- [Exercise aim] Beginning with the line that holds "Botanical monogram logos", copy every remaining line of the listing below exactly, and leave the pictures out.

- [Source information]
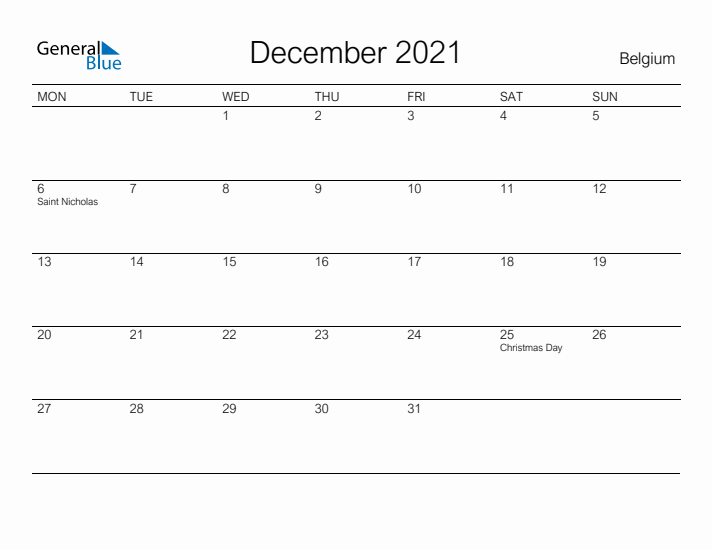 Printable December 2021 Calendar for Belgium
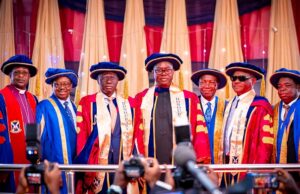 Ajayi Crowther University Confers Sanwo-Olu, Wike, Makinde With Doctorate Degrees L-R: Chancellor, Ajayi Crowther University, Chief Tunde Afolabi; the awardees: Lagos State Governor, Mr. Babajide Sanwo-Olu (Doctor of Public Administration); Oyo State Governor, Mr Seyi Makinde (Doctor of Science in Engineering); Rivers State Governor, Mr Nyesom Wike (Doctor of Law) and Pro-Chancellor and Chairman of Governing Council, Chief Wole Olanipekun, during the Convocation ceremony of Ajayi Crowther University, at the school’s main campus, Oyo Town in Oyo State, on Friday…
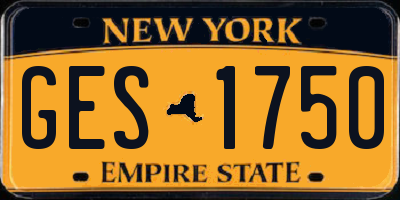 NY license plate GES1750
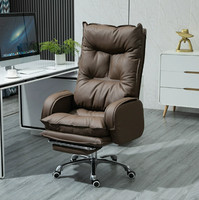 Chaise de bureau ergonomique en cuir inclinable, réglable en hauteur, avec accoudoirs fixes, design minimaliste moderne, pour usage au bureau ou à domicile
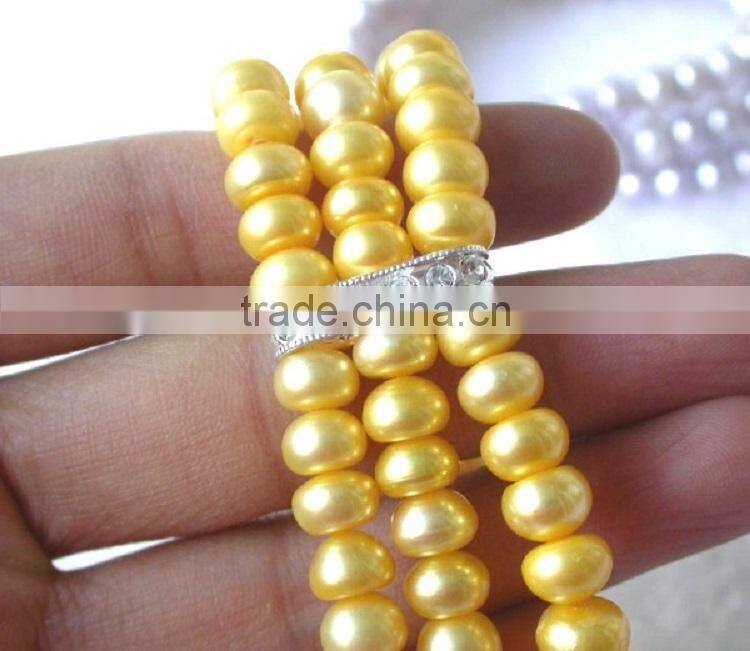 6-7mm button shape yellow freshwater pearl love bracelet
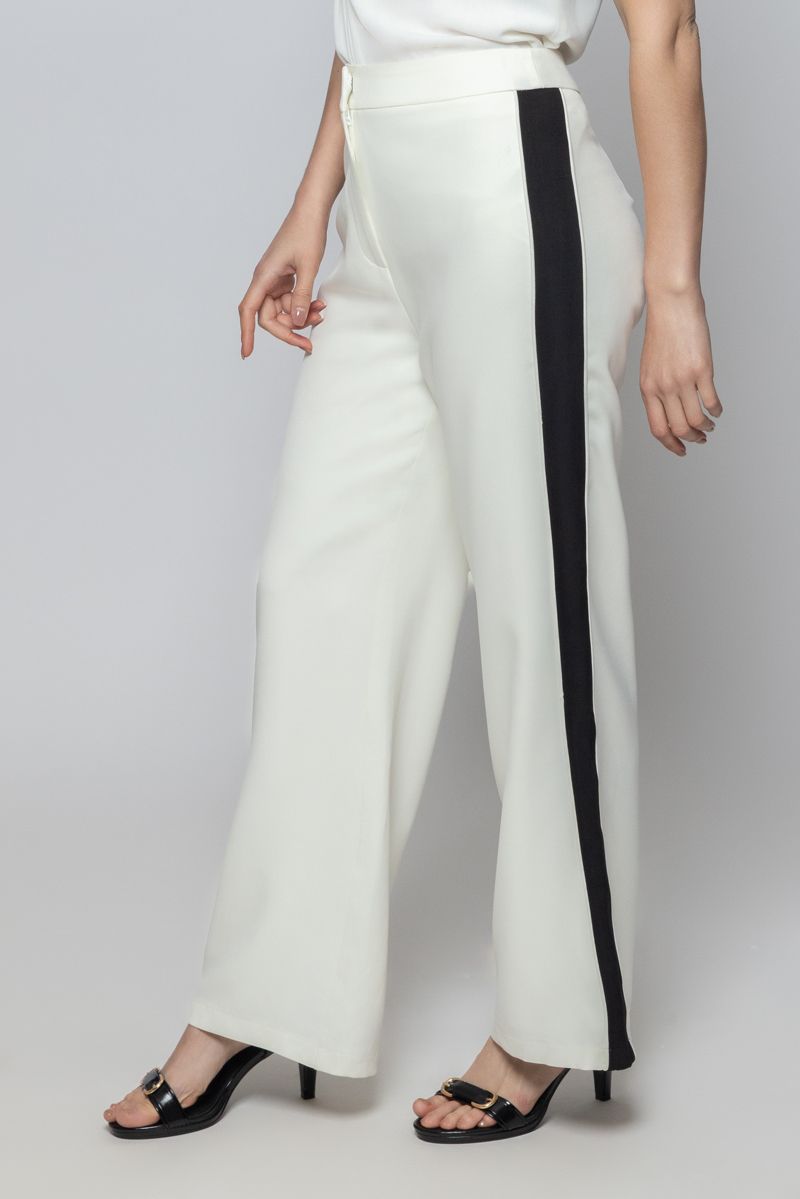 Women Wide Leg Pants with Contrast Colored Side Lining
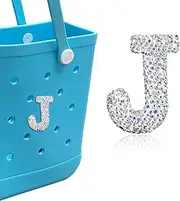 [HLUWA] Diamond Letter Charms for Bogg Bag, Alphabet Sparkling Rhinestones Lettering Accessories Charms for Bogg Bag and Simply Southern Bag, Insert Letter Charms for Handbag Beach Tote Bag.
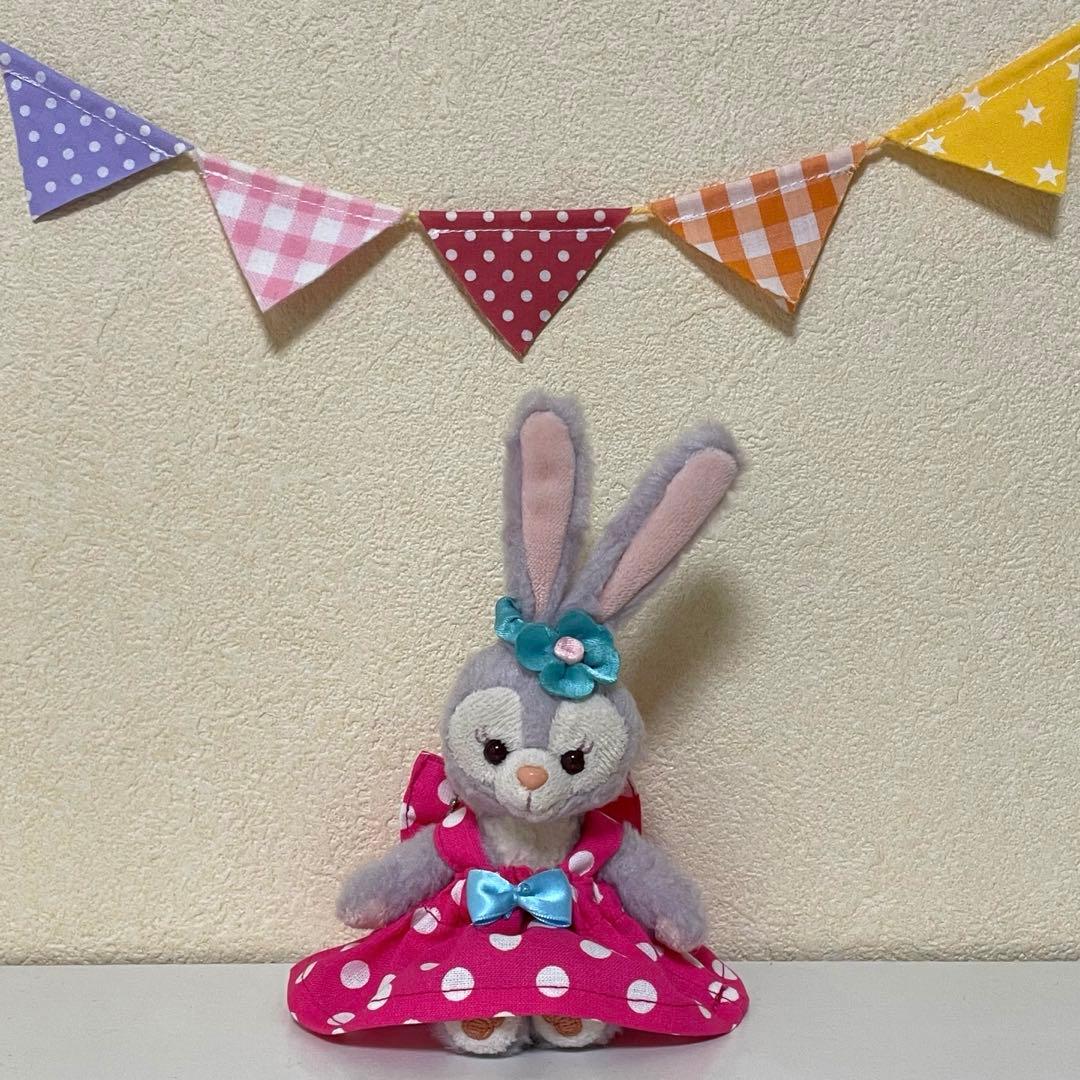 ハンドメイド★チェリーピンク♡ドットワンピース★ぬいば♡チャーム用。パルパルーザ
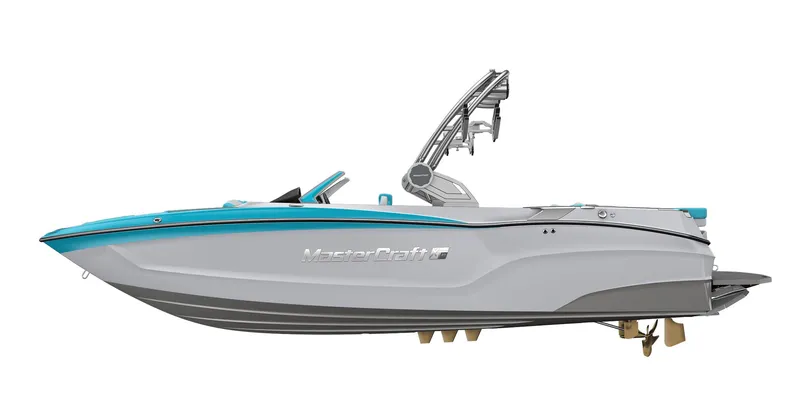 Slide: The Image of 2023 MasterCraft XT23 boat, side view, gray and blue color scheme. - 20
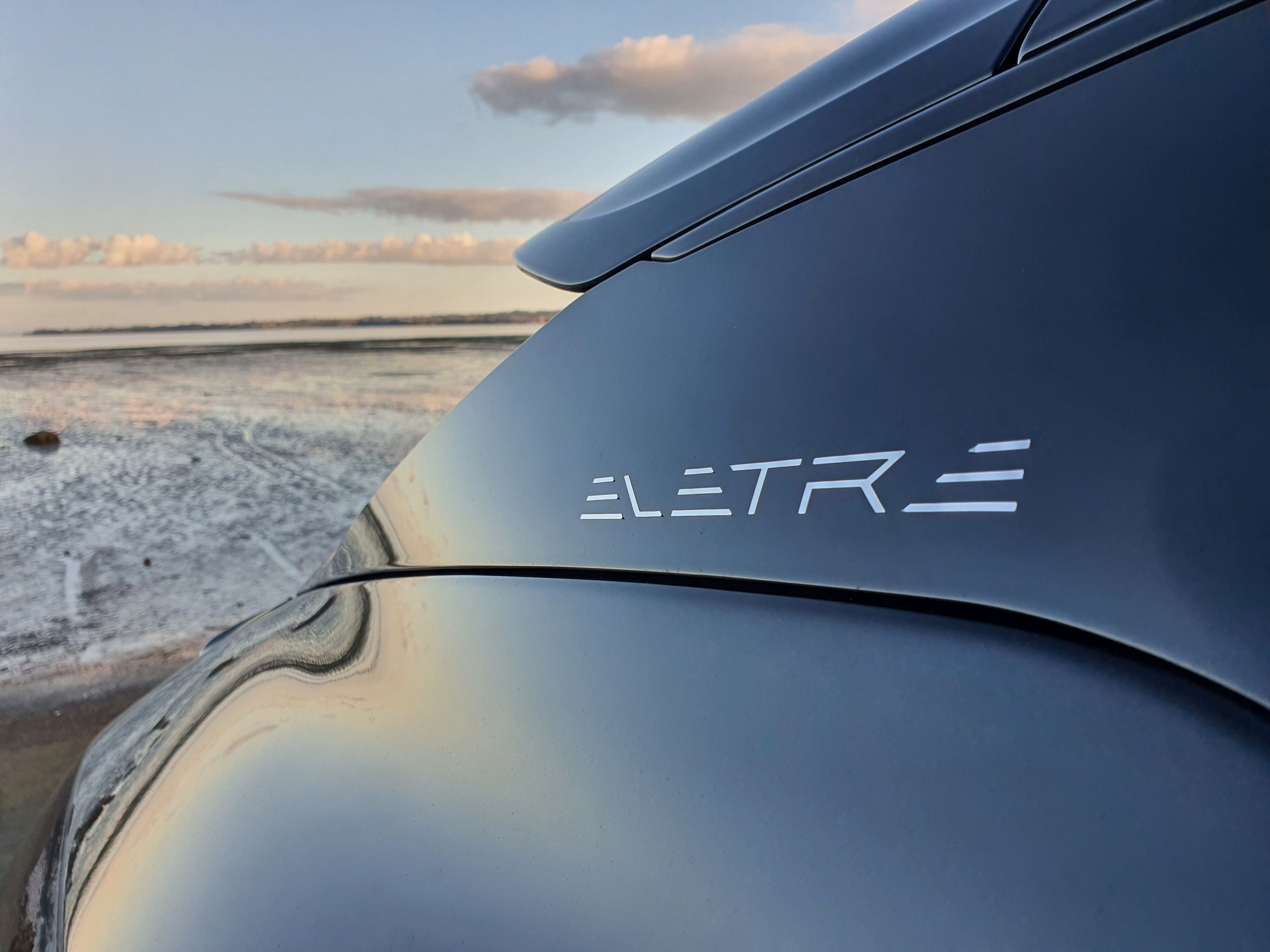 Lotus Eletre badge on the rear panel of a Black Lotus Eletre S.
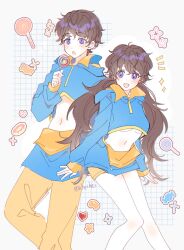 Rule 34 | 1boy, 1girl, aheihei, artist name, blue hoodie, blush, breasts, brown hair, candy, chinese commentary, clothing cutout, diamond (shape), doughnut, dual persona, food, genderswap, genderswap (mtf), grid background, gummy candy, heart, highres, hood, hoodie, inoue shouma, jelly bean, kamen rider, kamen rider gavv (series), lollipop, long hair, navel, notice lines, open mouth, pants, purple eyes, short hair, shorts, shouma (kamen rider gavv), signature, star (symbol), stomach cutout, two-tone hoodie, underboob, yellow pants, yellow shorts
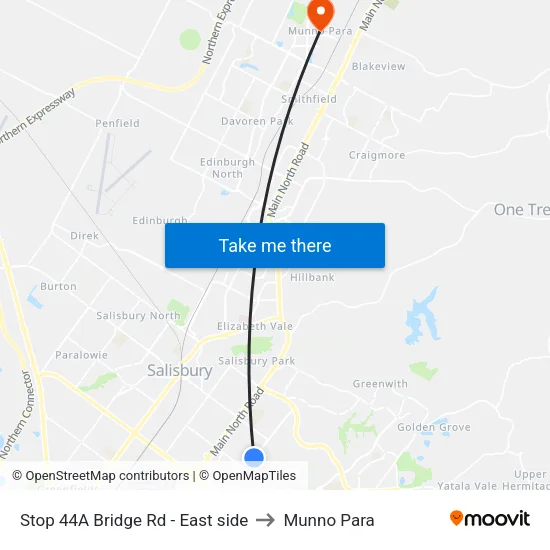 Stop 44A Bridge Rd - East side to Munno Para map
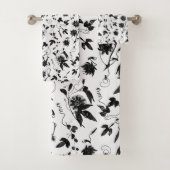 Elegant zwart-wit passiebloemmotief bad handdoek (Insitu)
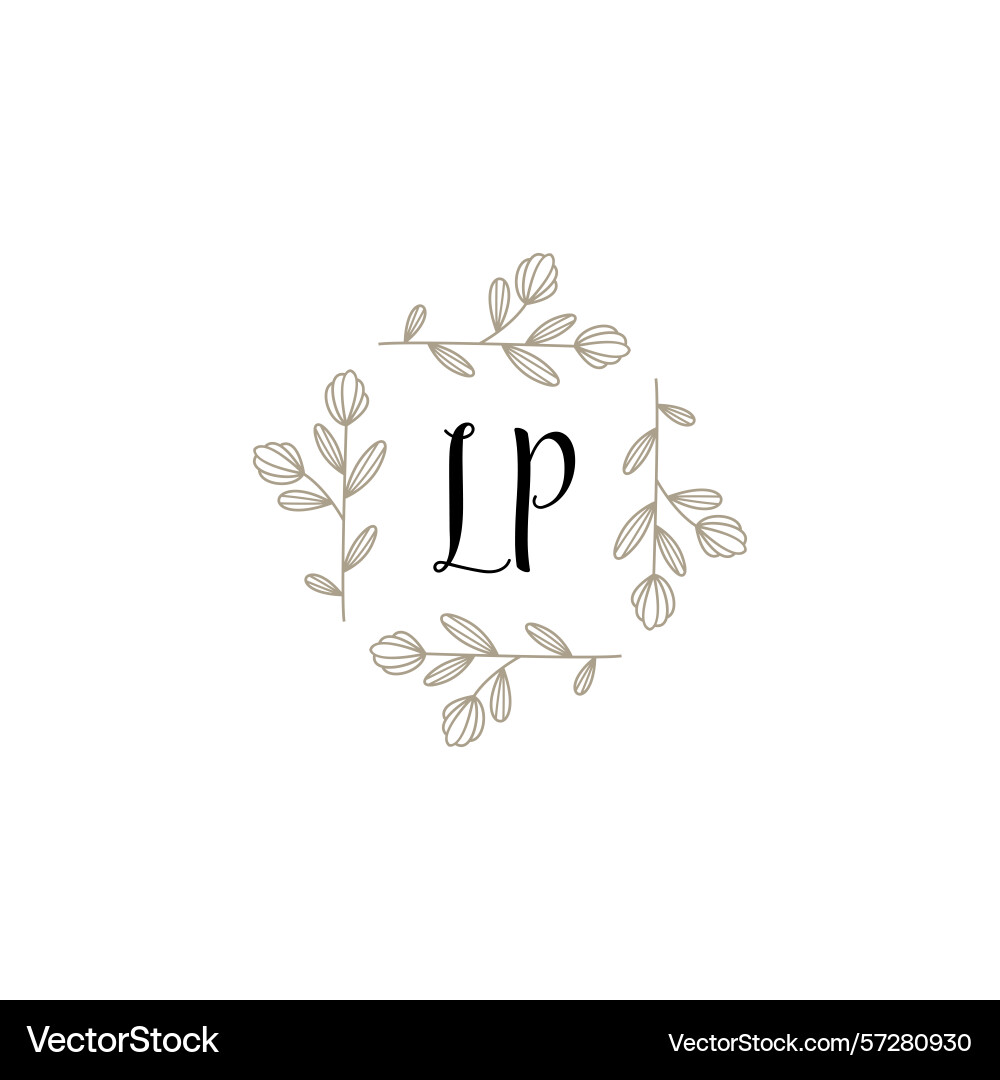 Botanical monogram logos with initial lp Vector Image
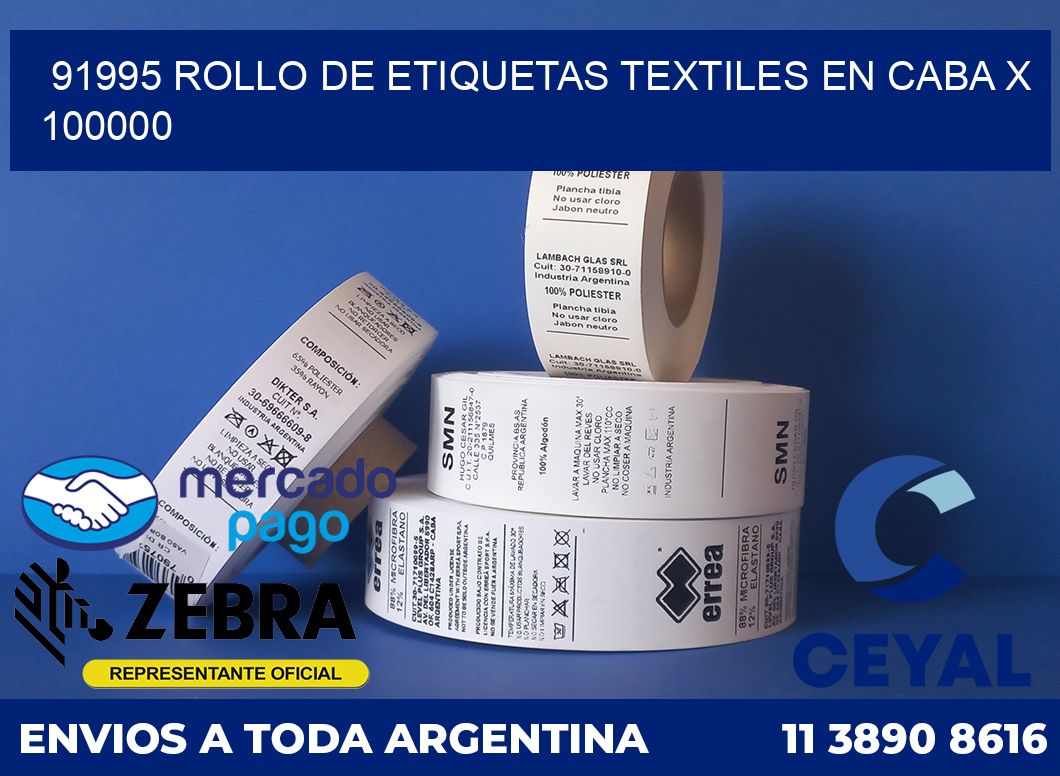 91995 ROLLO DE ETIQUETAS TEXTILES EN CABA X 100000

- [Solution below]
 Botanical monogram logos with initial lp Vector Image
 91995 ROLLO DE ETIQUETAS TEXTILES EN CABA X 100000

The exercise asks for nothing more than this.